(Stored data)
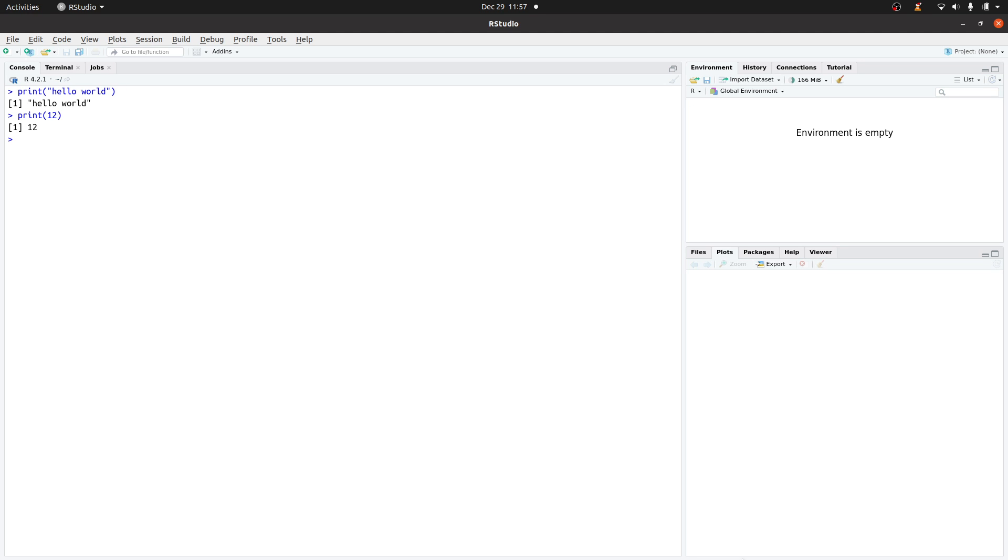In this video I am going to show you how you can change the size of the text or the font size in RStudio. To do that, you have to go to Tools and then go to Global Options.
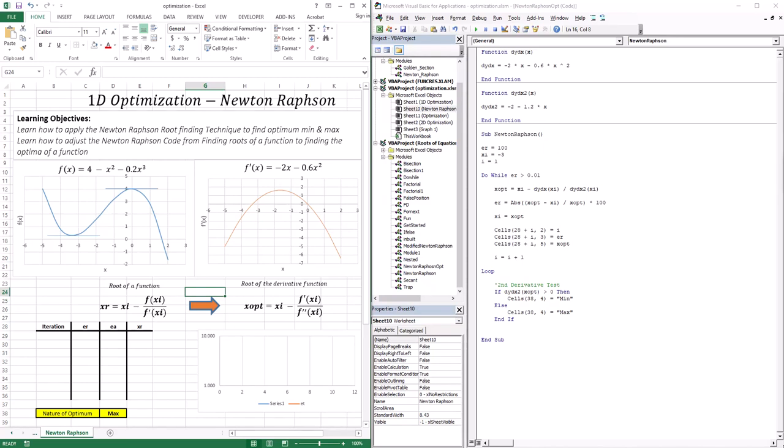Hello everyone, welcome to this lesson. In this lesson, we're going to continue our discussion on optimization. We went through what optimization is, and then later we went through the analytical solutions of optimization for 1D problems and also for 2D problems. We learned how to get a minimum, maximums, and also how to define saddles.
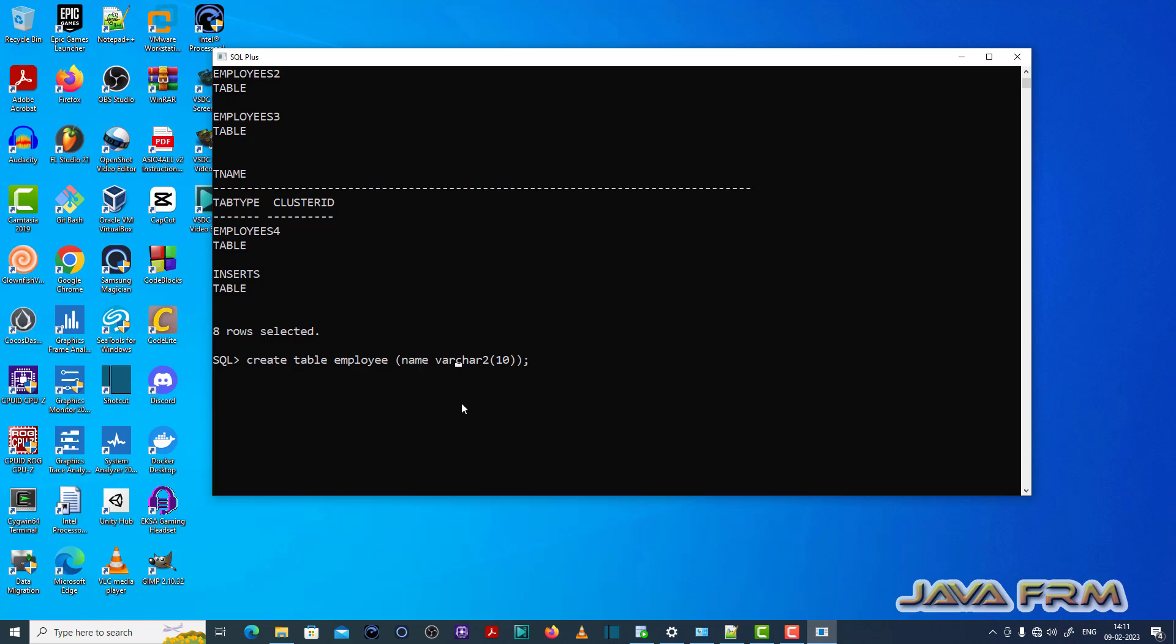So I am going to create the table name other than these in the query written by SELECT * FROM TAB. You can see I have created a table called EMPLOYEES.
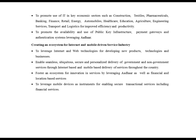Creating an ecosystem for internet and mobile-driven service industry: to leverage internet and web technologies for developing new products and businesses. Enabling seamless, secure and personalized delivery of government and non-government services through internet-based and mobile-based delivery throughout the country. Fostering an ecosystem for innovation in services by leveraging Aadhaar as well as financial and location-based services. To leverage mobile services as an instrument for enabling secure transactional services including financial services.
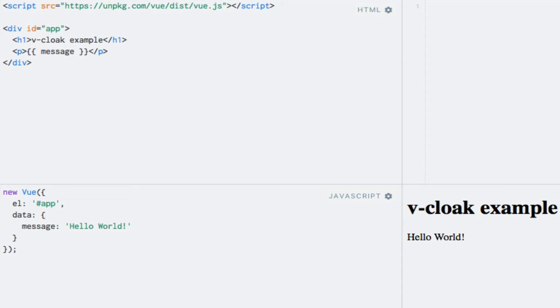The example that I have added in advance simply renders a message data property within a paragraph. Since my browser already has the Vue.js framework cached, we won't even see a flicker most of the time. So to slow things down a bit, I'll wrap the Vue instance within a timeout function with a 5 second delay.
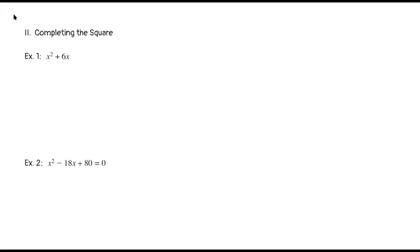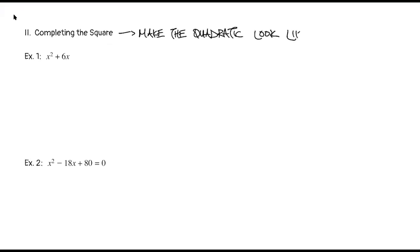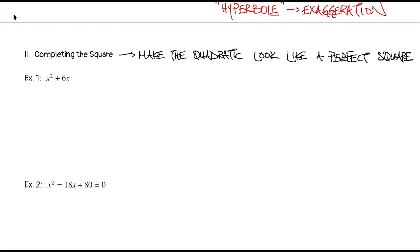Completing the square means we're trying to make the quadratic look like a perfect square — like x plus a number, all squared. As we do this, we want to keep things balanced. If we turn it into a perfect square by adding something, we have to balance that out by subtracting something, and vice versa.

» TASK GOAL:
Every line above should be duplicated exactly; the pictures are to be left out.

» PROBLEM SOLUTION:
In this video I am going to show you how you can change the size of the text or the font size in RStudio. To do that, you have to go to Tools and then go to Global Options.
Hello everyone, welcome to this lesson. In this lesson, we're going to continue our discussion on optimization. We went through what optimization is, and then later we went through the analytical solutions of optimization for 1D problems and also for 2D problems. We learned how to get a minimum, maximums, and also how to define saddles.
So I am going to create the table name other than these in the query written by SELECT * FROM TAB. You can see I have created a table called EMPLOYEES.
Creating an ecosystem for internet and mobile-driven service industry: to leverage internet and web technologies for developing new products and businesses. Enabling seamless, secure and personalized delivery of government and non-government services through internet-based and mobile-based delivery throughout the country. Fostering an ecosystem for innovation in services by leveraging Aadhaar as well as financial and location-based services. To leverage mobile services as an instrument for enabling secure transactional services including financial services.
The example that I have added in advance simply renders a message data property within a paragraph. Since my browser already has the Vue.js framework cached, we won't even see a flicker most of the time. So to slow things down a bit, I'll wrap the Vue instance within a timeout function with a 5 second delay.
Completing the square means we're trying to make the quadratic look like a perfect square — like x plus a number, all squared. As we do this, we want to keep things balanced. If we turn it into a perfect square by adding something, we have to balance that out by subtracting something, and vice versa.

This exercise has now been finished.